▶ _WHAT TO PRODUCE_:
Copy, word for word, the lines below from the one containing "ＴｈｅＡｌｖａｒｏＬａｗｌｉｅｔ９９ (presenta)" up to and including the one containing "Okładka książki Ostatni", with pictures left out.

▶ _DATA RECORDS_:

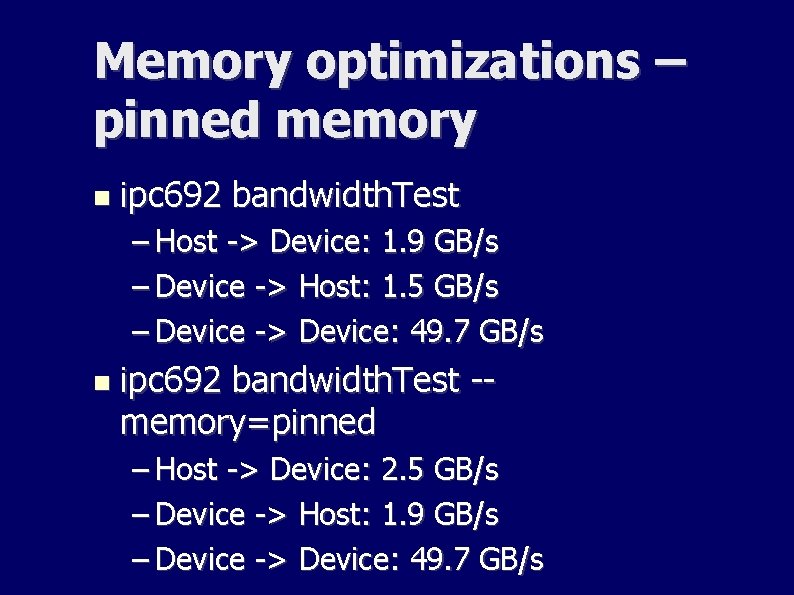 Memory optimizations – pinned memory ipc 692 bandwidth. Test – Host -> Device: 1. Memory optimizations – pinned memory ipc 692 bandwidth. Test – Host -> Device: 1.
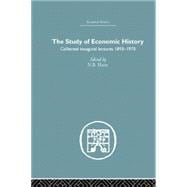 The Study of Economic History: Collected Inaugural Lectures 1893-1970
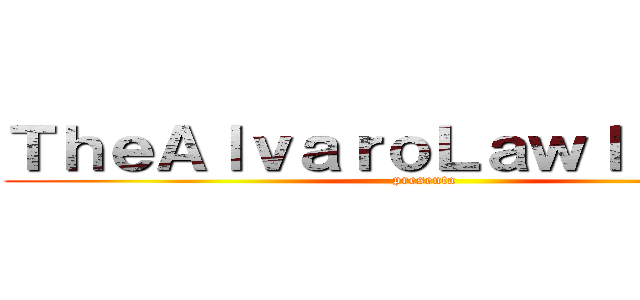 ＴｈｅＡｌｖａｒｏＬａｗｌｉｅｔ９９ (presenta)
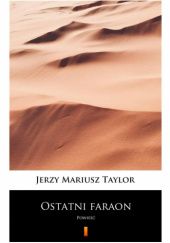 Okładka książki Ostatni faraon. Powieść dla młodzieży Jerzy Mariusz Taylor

==

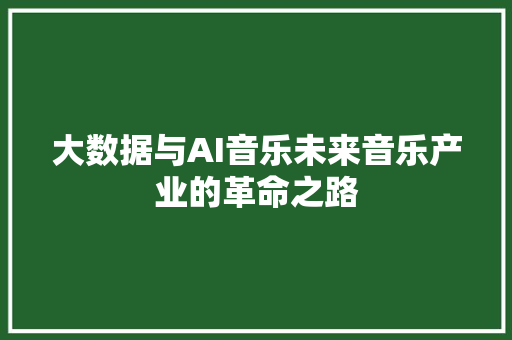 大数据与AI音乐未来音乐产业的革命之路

▶ _FINISHED TASK_:
 ＴｈｅＡｌｖａｒｏＬａｗｌｉｅｔ９９ (presenta)
 Okładka książki Ostatni faraon. Powieść dla młodzieży Jerzy Mariusz Taylor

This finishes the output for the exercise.